Nashville police arrested a New Zealand legal rights advocate on Tuesday after allegedly finding him drunkenly running after a tow truck, screaming “I love that car!”
The car wasn't his.
Vincent Siemer, 56, is the man behind several controversial websites that seek to expose “corruption” of the judicial system in New Zealand. He was sentenced to six weeks in jail last year after publishing a “suppressed” court judgment on his website, according to The Dominion Post  in Wellington, New Zealand.
As recently as May, Siemer was ordered back to jail in New Zealand after an appeal was denied.
But on Tuesday night, Siemer was arrested by Metro police officers while running after a tow truck, loudly professing his affection for a car that he apparently had no connection to, according to a police affidavit. The truck had to stop in order to prevent Siemer from hurting himself.
Police charged him with public intoxication and disorderly conduct. Those charges were retired because Siemer was heading out of the country in a week, according to the Davidson County District Attorney’s Office.
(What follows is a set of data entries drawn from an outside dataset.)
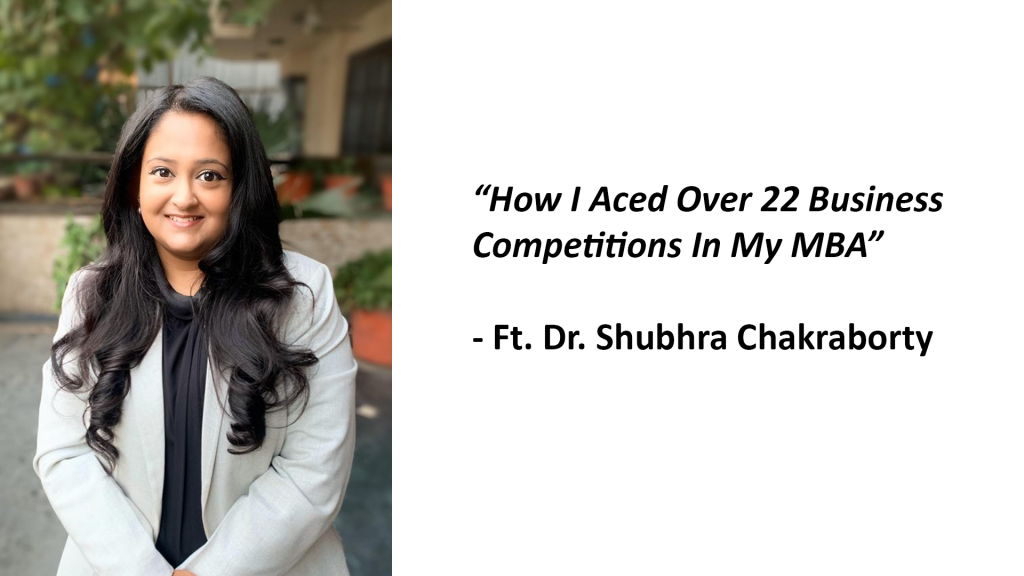 How I Aced Over 22 Business Competitions In My MBA | Ft. Dr. Shubhra Chakraborty, Marketing Manager, Philips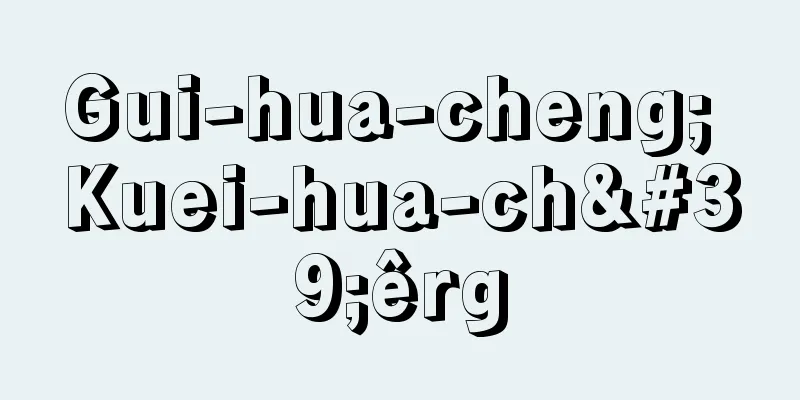Gui-hua-cheng; Kuei-hua-ch'êrg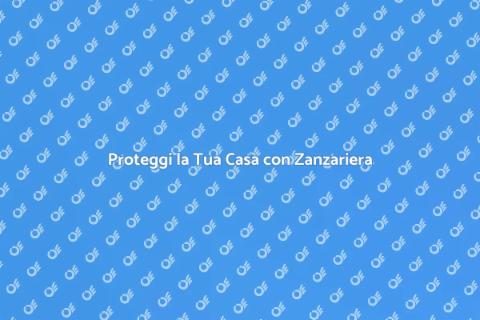 Installare Nuova Zanzariera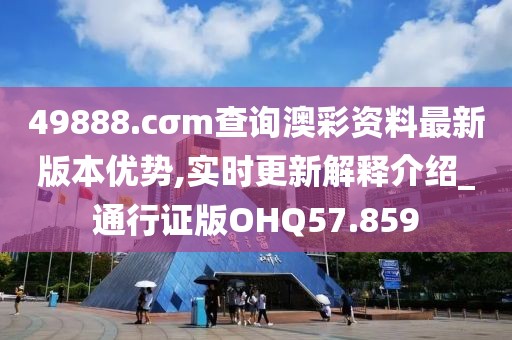 49888.cσm查询澳彩资料最新版本优势,实时更新解释介绍_通行证版OHQ57.859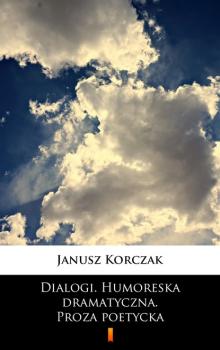 Читать Dialogi. Humoreska dramatyczna. Proza poetycka - Janusz Korczak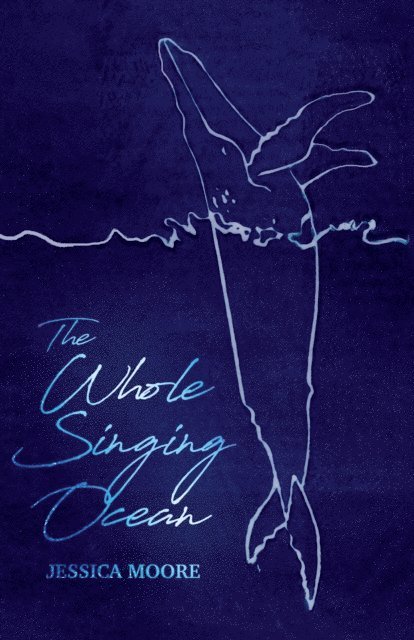 Jessica Moore - Whole Singing Ocean, E-bok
If Siemer doesn’t leave the country and is charged with another crime, his charges could be reactivated.
Siemer, whom The Dominion Post called a “bankrupt businessman,” was found guilty in the largest defamation case in British Commonwealth history in 2011. He attacked Michael Stiassny, a company chairman, on the Internet — and Stiassny and his company were awarded more than $700,000 U.S. dollars in defamation damages.
On his website, Siemer claims Stiassny obtained the verdict through “fraud and perjury.”
Siemer didn’t return a request for comment as of Thursday morning. It is unclear why Siemer was in Nashville. The mailing address on his bonding information was listed as Springfield, Mo.